Even the best-running engine–or the most well-built house–needs an occasional tune-up or a fresh coat of paint. So too with governing documents which are so vital to the operation of the place you call home. As times change and people come and go, the documents that direct and guide the course of your building may need to be adjusted or reassessed to best serve the community they govern. The key to making these changes smoothly and with minimal disruption lies in understanding the documents themselves and how they relate to–and differ from–each other.
How It All Stacks Up
Lawyers and brokers will often refer to a "hierarchy of documents"–their term for the various papers and forms that delineate the who, what, where, when and why of co-op and condo operations.
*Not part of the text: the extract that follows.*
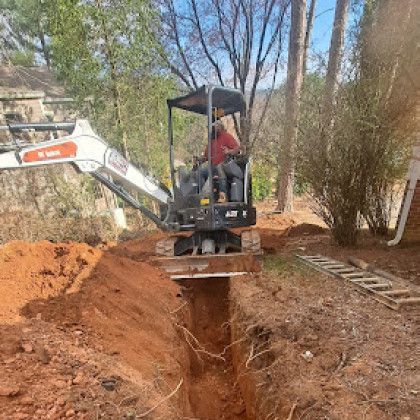 Small excavator digging a deep trench in a wooded dirt yard, with a worker seated in the cab.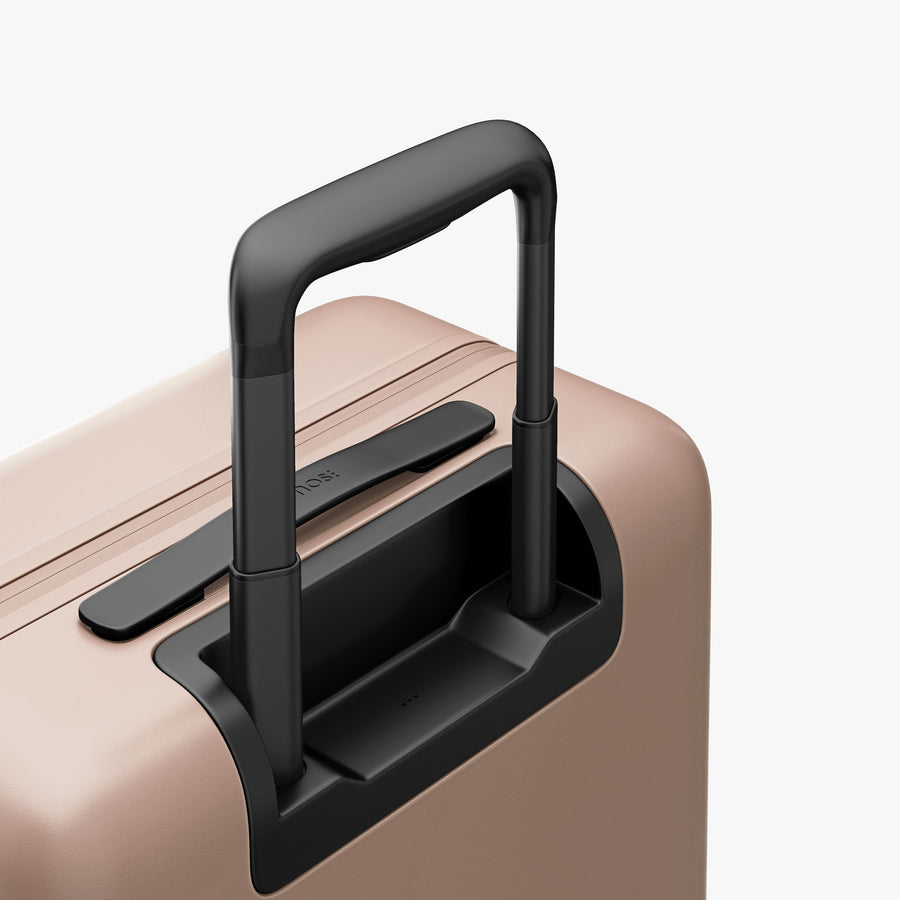 Rose Quartz | Extended luggage handle view of Carry-On Pro Plus in Rose Quartz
The hierarchy differs slightly between the two types of residences. A co-op, for example, is established through the Certificate of Incorporation. The certificate indicates how many shares the co-op corporation will be divided into and establishes all other corporate aspects of the venture.
For condos, the rules of establishment are slightly different. To create a condominium, a Declaration of Condominium must be made with the county clerk’s office. This document establishes the number of units which individuals are going to own and also defines common elements.
Next down on the ladder are the bylaws, which form the basic guide for how the co-op or condo will do business. Bylaws lay out everything from the organization’s purpose to its form of government and method of elections to a description of the directors and number of officers.